Além do Brasil e dos Estados Unidos (leia quadro na página 1), o Dart foi produzido na Espanha e na Colômbia, além de ter dado origem ao Polara na Argentina. Os espanhóis da Barreiros começaram a fabricá-lo em 1965, com modelo similar ao norte-americano. Após quatro anos a Chrysler assumia as operações, eliminando o nome da empresa original, e o estilo era remodelado.
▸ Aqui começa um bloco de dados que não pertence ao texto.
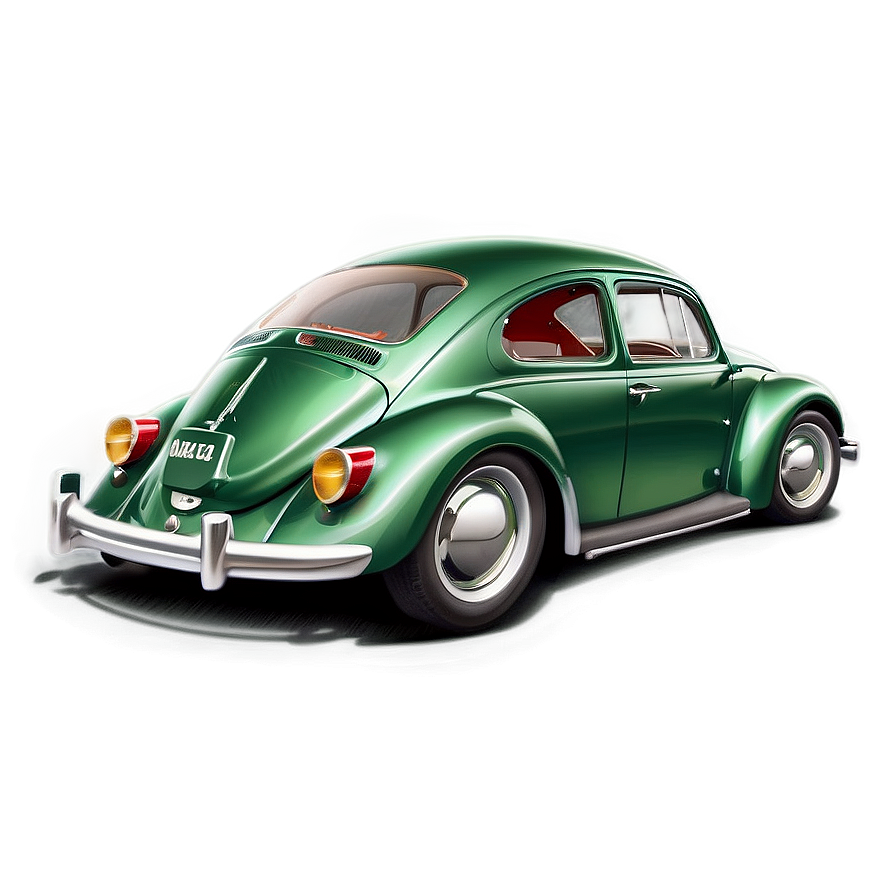 Classic Green Vw Beetle Png Qyk90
Em 1971 o Dart dava lugar ao Dodge 3700 GT (acima) com novo desenho, mantido até 1977. Ele foi montado a partir de componentes da Argentina (leia mais a seguir) por dois anos, passando então a usar carroceria local para se adequar à legislação. O motor de seis cilindros em linha, 3,7 litros e 165 cv brutos, embora modesto diante do V8 brasileiro, era o maior já aplicado a um carro espanhol. Uma versão mais econômica para uso como táxi, o Dart Diésel, tinha motor Barreiros de 2,0 litros a diesel e apenas 65 cv. Também existiu uma perua, que dava origem a conversões como ambulância e carro fúnebre.

 

Na Argentina, a Chrysler-Fevre desenvolveu uma linha de sedãs com a marca Dodge a partir da plataforma do Dart, iniciada em 1968 (acima) e composta pelos modelos Valiant, Coronado, GT, Taxi e Polara Diésel (ambos destinados a taxistas). O cupê, com desenho desenvolvido no país, estreava em 1970 como Polara Coupé e ganhava a versão GTX no ano seguinte. Em 1974 vinha o Polara RT, também cupê.

 

O principal motor da linha tinha seis cilindros em linha, 3,7 litros e 145 cv brutos, com caixa manual de três marchas na coluna (no RT e no Diésel eram quatro no assoalho) e opção por automática em algumas versões. O RT (acima) usava carburador especial para obter 174 cv. No Polara Diésel vinha um motor Perkins a diesel de quatro cilindros, 3,3 litros e 71 cv. Apenas o GTX oferecia opção de um V8, o mesmo de 5,2 litros do Brasil, mas importado do México ou do Canadá, com 212 cv brutos e mais tarde 230 cv — o mais potente em um carro fabricado no país. A produção acabou em 1979, um ano antes da venda da Chrysler argentina à Volkswagen.

 

Na Colômbia, o Dart foi feito por duas gerações pela Chrysler Colmotores. O modelo lançado em 1969 (acima à esquerda) era montado com conjuntos importados dos Estados Unidos, motor de seis cilindros, 3,7 litros e 145 cv e caixa de três marchas na coluna. Uma remodelação da frente vinha em 1974, seguindo o norte-americano e se antecipando à do brasileiro por quatro anos. No ano seguinte ele recebia o motor V8 de 5,2 litros e 220 cv com caixa automática. Foi feito até 1977.

Os colombianos foram os únicos na região a ter a carroceria de cupê mais esportivo do Plymouth Duster norte-americano. O Dodge Demon local (à direita), feito apenas em 1971 e 1972, usava o V8 5,2 com 240 cv, ainda com caixa manual de três marchas. A segunda geração do Dart, apesar do nome, era um carro menor similar ao Aspen norte-americano e foi fabricada até 1982.